Ok,  I got some ‘splaining to do. The first group of lines, the ones with #define in them, are macro definitions. For the first one I’m defining a macro called FIRST_POS that expands to 0x1. This expansion happens just before the code is compiled, the preprocessor will go through your code and replace all occurrences of FIRST_POS with 0x1. This is exactly the same thing as doing a search and replace in a text editor. We do this though to make our code more readable. The names FIRST_POS, SECOND_POS etc.  are fairly generic names, you could certainly give them more meaningful names in the context that you’re using them in. Again taking an example from the code written out by develop:

mod->access_flags[ACCESS_GENERAL] =
GEN_GET_GLOBALS|GEN_GET_INTERFACE_GLOBALS;

Here GEN_GET_GLOBALS and GEN_GET_INTERFACE are macros that represent bit masks (incidentally ACCESS_GENERAL is a macro that represents an array index).

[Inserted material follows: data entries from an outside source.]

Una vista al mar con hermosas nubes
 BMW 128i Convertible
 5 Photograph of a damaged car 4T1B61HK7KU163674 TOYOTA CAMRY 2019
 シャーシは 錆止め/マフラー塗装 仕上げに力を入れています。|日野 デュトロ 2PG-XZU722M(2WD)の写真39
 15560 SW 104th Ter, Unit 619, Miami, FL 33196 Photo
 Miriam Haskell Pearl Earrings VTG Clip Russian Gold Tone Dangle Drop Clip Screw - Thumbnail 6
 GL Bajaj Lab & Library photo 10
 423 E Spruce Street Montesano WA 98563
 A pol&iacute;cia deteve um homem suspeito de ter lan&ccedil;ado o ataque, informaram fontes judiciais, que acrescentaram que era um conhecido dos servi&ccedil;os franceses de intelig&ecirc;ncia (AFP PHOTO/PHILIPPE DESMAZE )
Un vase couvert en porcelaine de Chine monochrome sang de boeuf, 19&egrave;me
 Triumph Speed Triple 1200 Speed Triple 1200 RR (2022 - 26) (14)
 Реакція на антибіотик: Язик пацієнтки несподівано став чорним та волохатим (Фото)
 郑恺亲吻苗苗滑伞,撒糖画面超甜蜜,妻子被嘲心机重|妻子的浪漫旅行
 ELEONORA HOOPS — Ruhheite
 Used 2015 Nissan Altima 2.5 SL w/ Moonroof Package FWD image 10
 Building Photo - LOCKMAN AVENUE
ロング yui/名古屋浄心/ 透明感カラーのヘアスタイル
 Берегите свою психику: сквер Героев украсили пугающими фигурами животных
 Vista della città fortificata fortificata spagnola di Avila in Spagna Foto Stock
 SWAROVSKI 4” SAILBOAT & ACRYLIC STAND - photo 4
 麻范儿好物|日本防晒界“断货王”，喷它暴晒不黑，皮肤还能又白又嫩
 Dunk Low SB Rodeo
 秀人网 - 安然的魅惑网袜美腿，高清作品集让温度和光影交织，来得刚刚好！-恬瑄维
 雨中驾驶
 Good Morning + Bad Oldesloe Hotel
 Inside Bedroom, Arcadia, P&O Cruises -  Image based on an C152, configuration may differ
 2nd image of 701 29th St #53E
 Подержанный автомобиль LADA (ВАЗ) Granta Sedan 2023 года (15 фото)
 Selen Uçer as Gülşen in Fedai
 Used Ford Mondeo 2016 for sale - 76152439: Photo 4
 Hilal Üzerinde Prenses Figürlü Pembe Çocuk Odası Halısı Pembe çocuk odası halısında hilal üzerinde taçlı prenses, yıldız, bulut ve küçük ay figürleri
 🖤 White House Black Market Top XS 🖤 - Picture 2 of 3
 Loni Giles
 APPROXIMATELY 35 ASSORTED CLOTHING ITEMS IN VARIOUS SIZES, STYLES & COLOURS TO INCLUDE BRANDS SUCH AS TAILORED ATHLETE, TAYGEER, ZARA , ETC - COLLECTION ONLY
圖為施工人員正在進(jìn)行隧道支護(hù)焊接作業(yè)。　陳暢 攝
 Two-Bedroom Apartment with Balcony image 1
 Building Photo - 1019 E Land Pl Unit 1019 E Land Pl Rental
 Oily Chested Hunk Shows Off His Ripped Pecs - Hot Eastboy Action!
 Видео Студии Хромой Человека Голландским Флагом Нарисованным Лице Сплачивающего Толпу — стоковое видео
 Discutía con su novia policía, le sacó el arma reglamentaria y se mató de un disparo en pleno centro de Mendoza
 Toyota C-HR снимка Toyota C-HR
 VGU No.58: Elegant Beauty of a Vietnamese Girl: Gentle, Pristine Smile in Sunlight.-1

The other thing that needs explaining in the code snippet is the symbol &. The ampersand is the AND operator in C. So in the if statement we are ANDing the two fields together and if the result is non-zero we execute the code that follows. You’ll notice in our example from develop, the use of the | symbol. This symbol, called a pipe, is the OR operator in C.

You can use the | to set a particular bit in an existing bit field like so:

someVar = someVar | FIRST_POS;

now someVar will have the first bit set. You could make it a little simpler with the |= operator:

someVar |= FIRST_POS;

Both mean the same thing (see one of the reference books for more info).

So in the code from develop the value of mod->access_flags[ACCESS_GENERAL] will be a bit field with only the bits set that correspond to the masks GEN_GET_GLOBALS and GEN_GET_INTERFACE_GLOBALS.

These are the bit wise operators in C:

 Operator Name Symbol AND & (ampersand) OR | (pipe) XOR ^ (caret) NOT ~ (tilde)

There is a great deal more to working with bits in C, we haven’t even touched shifting, so I’d really recommend reading more on the subject. Also if you haven’t found out already, the calculator that ships with Windows has a scientific mode (View->Scientific) that allows you to work in decimal, hex, oct and binary. This is probably the most useful tool when learning other number systems.